Je suis enfin rentrée à Paris. Exténuée, je me jette sur mon lit dès que j'arrive dans ma chambre.
Je reste comme ça un moment, en faisant le vide dans ma tête. En essayant de ne plus rien ressentir. D'enlever ce poids qui pèse à l'intérieur, depuis cette fameuse nuit.

Je finis par me lever de mon lit, mais je me sens toujours aussi triste, aussi fatiguée. Mon placard se tient devant moi, comme unique spectacle de cette scène désolante. J'y jette un coup d'œil rapide. On y trouve toujours quelques affaires d'Aiden, comme un de ces sweats préférés, qui porte l'inscription "Artic Monkeys".

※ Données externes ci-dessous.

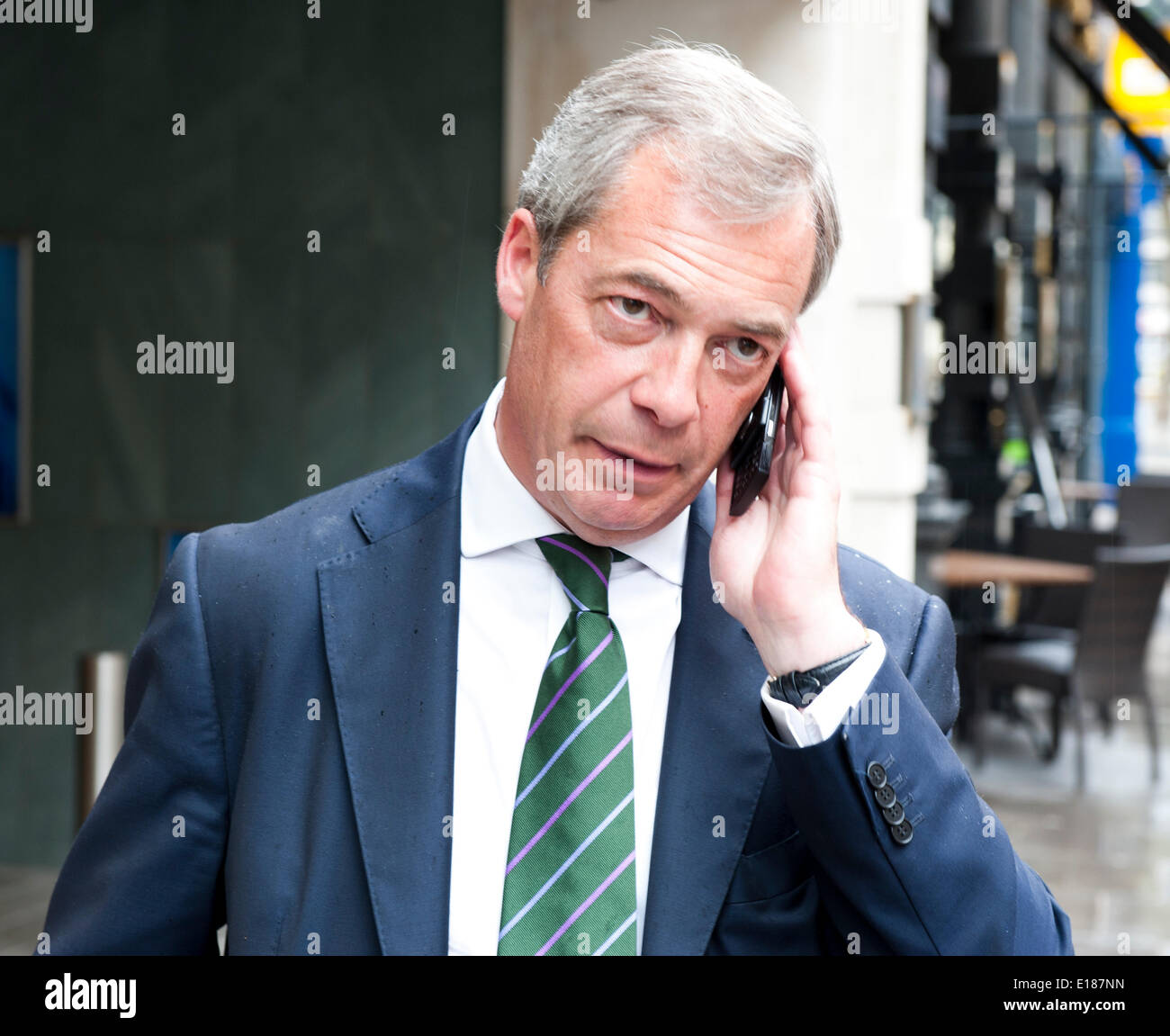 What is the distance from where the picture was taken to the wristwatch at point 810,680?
131cm

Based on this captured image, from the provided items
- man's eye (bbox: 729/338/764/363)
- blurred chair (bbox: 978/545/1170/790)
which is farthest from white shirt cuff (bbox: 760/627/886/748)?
blurred chair (bbox: 978/545/1170/790)

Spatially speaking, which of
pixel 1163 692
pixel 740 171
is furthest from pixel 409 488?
pixel 1163 692

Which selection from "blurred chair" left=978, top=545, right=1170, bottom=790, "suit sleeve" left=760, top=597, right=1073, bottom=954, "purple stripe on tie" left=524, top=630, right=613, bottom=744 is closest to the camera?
"suit sleeve" left=760, top=597, right=1073, bottom=954

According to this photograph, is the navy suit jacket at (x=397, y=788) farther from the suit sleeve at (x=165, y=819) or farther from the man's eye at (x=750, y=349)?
the man's eye at (x=750, y=349)

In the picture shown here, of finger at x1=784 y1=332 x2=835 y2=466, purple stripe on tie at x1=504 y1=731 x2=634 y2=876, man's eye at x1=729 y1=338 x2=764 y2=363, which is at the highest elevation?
man's eye at x1=729 y1=338 x2=764 y2=363

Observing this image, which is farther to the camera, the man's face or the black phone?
the black phone

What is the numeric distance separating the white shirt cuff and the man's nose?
1.04 ft

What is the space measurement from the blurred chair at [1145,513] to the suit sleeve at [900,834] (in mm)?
10072

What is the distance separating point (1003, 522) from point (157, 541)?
6503 millimetres

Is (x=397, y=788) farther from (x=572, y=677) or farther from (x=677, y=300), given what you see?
(x=677, y=300)

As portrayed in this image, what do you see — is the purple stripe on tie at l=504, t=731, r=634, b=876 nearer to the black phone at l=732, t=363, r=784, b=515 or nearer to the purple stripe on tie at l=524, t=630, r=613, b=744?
the purple stripe on tie at l=524, t=630, r=613, b=744

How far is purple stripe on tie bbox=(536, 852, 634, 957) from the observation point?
1.31m

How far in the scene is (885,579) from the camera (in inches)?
61.9

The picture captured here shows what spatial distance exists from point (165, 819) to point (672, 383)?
765mm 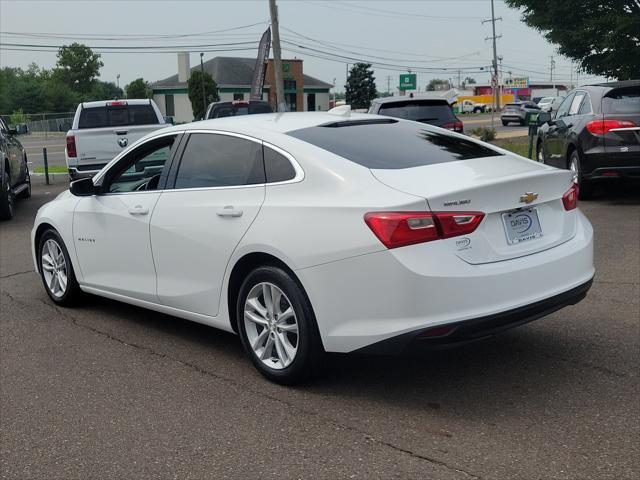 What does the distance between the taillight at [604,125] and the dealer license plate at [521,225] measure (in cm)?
703

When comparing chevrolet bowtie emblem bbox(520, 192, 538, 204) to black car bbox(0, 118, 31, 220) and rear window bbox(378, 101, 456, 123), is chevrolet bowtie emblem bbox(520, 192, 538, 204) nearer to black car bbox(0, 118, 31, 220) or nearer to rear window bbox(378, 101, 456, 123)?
black car bbox(0, 118, 31, 220)

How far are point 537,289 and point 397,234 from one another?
896 mm

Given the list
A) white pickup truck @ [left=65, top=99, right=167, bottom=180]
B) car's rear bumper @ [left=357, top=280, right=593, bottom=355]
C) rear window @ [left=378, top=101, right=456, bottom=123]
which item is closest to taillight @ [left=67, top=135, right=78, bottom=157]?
white pickup truck @ [left=65, top=99, right=167, bottom=180]

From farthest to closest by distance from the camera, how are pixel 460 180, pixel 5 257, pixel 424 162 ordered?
pixel 5 257
pixel 424 162
pixel 460 180

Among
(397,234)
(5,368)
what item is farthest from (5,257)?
(397,234)

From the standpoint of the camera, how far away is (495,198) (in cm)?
407

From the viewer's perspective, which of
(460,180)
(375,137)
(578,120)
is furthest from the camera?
(578,120)

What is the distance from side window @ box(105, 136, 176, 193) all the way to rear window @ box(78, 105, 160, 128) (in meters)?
9.07

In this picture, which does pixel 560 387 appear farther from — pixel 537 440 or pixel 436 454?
pixel 436 454

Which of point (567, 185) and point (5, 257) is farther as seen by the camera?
point (5, 257)

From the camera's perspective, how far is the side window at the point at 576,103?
1157 cm

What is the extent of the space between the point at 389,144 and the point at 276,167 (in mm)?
735

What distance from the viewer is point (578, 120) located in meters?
11.3

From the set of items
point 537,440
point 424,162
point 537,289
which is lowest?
point 537,440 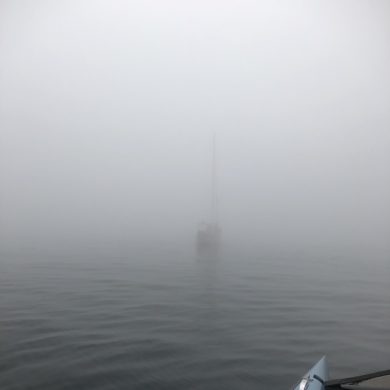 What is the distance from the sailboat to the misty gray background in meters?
0.06

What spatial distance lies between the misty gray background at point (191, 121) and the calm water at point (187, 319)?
193 mm

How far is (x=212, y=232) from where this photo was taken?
269 centimetres

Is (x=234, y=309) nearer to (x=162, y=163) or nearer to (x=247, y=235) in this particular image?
(x=247, y=235)

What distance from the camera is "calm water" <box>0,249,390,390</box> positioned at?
1981 millimetres

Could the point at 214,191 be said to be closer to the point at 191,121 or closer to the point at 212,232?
the point at 212,232

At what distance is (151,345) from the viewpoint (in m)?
2.21

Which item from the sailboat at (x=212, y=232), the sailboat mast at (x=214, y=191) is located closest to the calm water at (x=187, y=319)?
the sailboat at (x=212, y=232)

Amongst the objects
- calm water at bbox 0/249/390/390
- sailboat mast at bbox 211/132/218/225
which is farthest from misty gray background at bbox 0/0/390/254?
calm water at bbox 0/249/390/390

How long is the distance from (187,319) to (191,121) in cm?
134

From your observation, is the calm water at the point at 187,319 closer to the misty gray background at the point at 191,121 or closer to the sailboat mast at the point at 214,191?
the misty gray background at the point at 191,121

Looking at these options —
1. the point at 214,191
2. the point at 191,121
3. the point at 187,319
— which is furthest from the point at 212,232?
the point at 191,121

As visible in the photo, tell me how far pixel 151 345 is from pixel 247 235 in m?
0.97

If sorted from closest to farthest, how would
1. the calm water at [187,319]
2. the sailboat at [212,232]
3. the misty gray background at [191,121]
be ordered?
the calm water at [187,319] → the sailboat at [212,232] → the misty gray background at [191,121]

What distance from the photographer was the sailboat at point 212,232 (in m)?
2.66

Ce sweat, à la fois si simple mais si spécial, me donne un pincement au cœur. Il me rappelle Aiden, et c'est beaucoup trop douloureux. Alors je le roule en boule et le jette dans un sac à carton. Je sais pas comment je vais le lui rendre, mais j'ai pas envie d'y penser maintenant.

Et puis, tout d'un coup, une idée me vient. Je me mets alors à chercher la clé de la cabine, comme si ma vie en dépendait.
Au bout d'un quart d'heure, je la repère enfin : aussitôt trouvée, j'embarque la clé et marche dans les rues de Paris pendant de longues minutes, en écoutant de la musique.

Après un long trajet, j'arrive enfin devant la boutique. Un sentiment de nostalgie m'envahit, bien que ces souvenirs ne soient pas si lointains. J'ai l'impression d'avoir vécu tout une année, voire une décennie, avec Aiden, alors que notre relation ne se limite qu'à un mois. C'est déprimant, rien que d'y penser.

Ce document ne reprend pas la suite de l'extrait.